Another distinctive feature of the Bern cyclotron is its radio-pharmacy, conceived to bring together industrial production for medicine and scientific research. It features three Good Manufacturing Practice (GMP)-qualified laboratories, among which one is fully devoted to research. The existence of this laboratory and of the BTL brought together physicists and radiochemists of the University of Bern and of the Paul Scherrer Institute (PSI), triggering a multidisciplinary project funded by the Swiss National Science Foundation (SNSF). Scandium-43 is proposed as a novel PET radioisotope, having nearly ideal nuclear-decay properties for PET. Furthermore, scandium is suitable for theranostics (combined diagnostics and therapy). The same biomolecule can in fact be labelled with a positron-emitting isotope for imaging and a β one for cancer therapy. Advances in nuclear medicine will only be possible if suitable quantities of scandium-43 are available.
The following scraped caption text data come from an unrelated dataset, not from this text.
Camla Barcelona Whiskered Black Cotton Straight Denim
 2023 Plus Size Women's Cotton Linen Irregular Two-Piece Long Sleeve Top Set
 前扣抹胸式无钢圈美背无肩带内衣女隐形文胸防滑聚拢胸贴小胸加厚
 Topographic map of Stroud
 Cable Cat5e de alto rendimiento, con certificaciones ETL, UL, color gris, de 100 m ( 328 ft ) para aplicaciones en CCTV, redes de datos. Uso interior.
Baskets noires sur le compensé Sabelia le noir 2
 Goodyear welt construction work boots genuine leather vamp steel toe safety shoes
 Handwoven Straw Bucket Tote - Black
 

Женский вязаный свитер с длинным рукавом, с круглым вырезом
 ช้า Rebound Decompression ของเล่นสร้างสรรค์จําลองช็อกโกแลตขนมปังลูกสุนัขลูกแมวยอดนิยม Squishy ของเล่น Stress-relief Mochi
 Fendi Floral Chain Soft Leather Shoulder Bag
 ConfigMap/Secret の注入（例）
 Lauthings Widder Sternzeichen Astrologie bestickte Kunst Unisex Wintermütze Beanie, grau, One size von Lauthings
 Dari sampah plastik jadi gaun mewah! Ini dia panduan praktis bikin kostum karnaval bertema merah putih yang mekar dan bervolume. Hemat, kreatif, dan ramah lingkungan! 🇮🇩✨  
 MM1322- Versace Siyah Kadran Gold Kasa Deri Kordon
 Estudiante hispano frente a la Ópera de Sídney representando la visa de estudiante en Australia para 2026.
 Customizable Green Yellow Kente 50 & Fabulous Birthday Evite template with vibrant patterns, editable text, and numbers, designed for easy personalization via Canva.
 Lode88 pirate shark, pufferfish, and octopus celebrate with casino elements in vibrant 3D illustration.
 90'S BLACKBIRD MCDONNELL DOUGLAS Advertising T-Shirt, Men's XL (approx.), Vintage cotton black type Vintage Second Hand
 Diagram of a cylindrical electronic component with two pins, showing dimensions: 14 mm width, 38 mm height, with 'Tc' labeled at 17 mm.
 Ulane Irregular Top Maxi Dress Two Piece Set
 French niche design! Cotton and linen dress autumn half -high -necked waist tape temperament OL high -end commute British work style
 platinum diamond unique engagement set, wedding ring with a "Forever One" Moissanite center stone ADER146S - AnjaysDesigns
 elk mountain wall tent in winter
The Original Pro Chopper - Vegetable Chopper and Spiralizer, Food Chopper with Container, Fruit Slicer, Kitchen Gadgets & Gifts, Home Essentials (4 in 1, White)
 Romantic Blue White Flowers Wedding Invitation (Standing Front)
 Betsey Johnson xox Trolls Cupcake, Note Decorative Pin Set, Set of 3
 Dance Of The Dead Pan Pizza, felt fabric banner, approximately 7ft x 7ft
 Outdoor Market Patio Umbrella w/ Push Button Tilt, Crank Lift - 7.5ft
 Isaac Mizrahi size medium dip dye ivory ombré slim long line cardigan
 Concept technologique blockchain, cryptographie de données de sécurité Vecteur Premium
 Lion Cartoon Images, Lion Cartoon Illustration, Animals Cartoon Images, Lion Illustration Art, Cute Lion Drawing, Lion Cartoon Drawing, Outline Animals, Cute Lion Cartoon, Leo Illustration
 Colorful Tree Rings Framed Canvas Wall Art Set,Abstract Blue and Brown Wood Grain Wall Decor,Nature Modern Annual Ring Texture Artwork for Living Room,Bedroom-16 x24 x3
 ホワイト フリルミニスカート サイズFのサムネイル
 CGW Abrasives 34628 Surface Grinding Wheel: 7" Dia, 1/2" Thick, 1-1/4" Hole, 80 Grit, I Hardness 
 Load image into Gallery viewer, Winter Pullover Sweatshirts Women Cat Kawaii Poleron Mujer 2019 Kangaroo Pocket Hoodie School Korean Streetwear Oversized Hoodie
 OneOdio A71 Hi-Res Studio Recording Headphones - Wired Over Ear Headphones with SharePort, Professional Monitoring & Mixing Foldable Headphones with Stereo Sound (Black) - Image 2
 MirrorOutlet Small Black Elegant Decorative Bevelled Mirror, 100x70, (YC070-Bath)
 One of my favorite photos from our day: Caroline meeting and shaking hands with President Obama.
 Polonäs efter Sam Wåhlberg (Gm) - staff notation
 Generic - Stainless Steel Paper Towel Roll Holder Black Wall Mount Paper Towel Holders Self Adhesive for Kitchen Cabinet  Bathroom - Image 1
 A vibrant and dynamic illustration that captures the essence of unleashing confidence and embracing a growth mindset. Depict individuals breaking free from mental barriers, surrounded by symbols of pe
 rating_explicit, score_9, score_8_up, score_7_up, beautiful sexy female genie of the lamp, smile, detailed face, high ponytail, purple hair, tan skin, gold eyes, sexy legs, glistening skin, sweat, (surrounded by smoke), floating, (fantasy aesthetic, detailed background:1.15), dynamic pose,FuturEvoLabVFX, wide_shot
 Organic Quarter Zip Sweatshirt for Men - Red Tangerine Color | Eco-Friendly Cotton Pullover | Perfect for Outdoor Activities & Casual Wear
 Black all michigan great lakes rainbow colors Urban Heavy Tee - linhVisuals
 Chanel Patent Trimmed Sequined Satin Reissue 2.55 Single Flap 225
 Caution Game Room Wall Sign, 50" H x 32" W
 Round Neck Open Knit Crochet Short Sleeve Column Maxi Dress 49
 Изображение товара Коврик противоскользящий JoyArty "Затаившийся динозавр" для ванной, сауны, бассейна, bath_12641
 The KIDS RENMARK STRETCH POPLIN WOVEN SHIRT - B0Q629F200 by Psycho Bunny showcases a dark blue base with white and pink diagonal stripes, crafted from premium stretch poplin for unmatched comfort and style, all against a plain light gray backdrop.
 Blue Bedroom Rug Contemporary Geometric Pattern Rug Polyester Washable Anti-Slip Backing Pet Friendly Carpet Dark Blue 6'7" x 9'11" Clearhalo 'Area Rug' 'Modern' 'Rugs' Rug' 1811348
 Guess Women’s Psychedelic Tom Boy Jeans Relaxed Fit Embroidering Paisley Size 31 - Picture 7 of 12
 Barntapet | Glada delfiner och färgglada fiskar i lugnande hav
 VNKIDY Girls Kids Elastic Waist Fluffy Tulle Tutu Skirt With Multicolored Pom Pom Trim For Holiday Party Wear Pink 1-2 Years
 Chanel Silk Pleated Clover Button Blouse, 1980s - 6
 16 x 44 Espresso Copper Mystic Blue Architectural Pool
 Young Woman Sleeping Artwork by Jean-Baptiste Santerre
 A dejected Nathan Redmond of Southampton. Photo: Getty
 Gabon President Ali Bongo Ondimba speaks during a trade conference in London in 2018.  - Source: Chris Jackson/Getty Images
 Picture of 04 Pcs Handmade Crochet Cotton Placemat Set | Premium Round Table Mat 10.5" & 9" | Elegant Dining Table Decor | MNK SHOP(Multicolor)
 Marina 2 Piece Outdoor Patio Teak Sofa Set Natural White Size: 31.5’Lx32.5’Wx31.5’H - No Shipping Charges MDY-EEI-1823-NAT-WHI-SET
The goal of the project is to produce clinically relevant amounts of this radioisotope with a quality appropriate for clinical trials.

The results described above represent examples of the wide spectrum of research activities that can be pursued at the Bern facility. Several other fields can be addressed, such as the study of materials by PIXE and PIGE ion-beam analysis, irradiation of biological samples, and investigation of the radiation hardness of scientific instrumentation.

The organisation of a facility of this kind naturally triggers national and international collaborations. The 12th workshop of the European Cyclotron Network (CYCLEUR) will take place in Bern on 23–24 June 2016, to bring together international experts. Last but not least, students and young researchers can profit from unique training opportunities in a stimulating, multidisciplinary environment, to move towards further advances in the application of particle-physics technologies.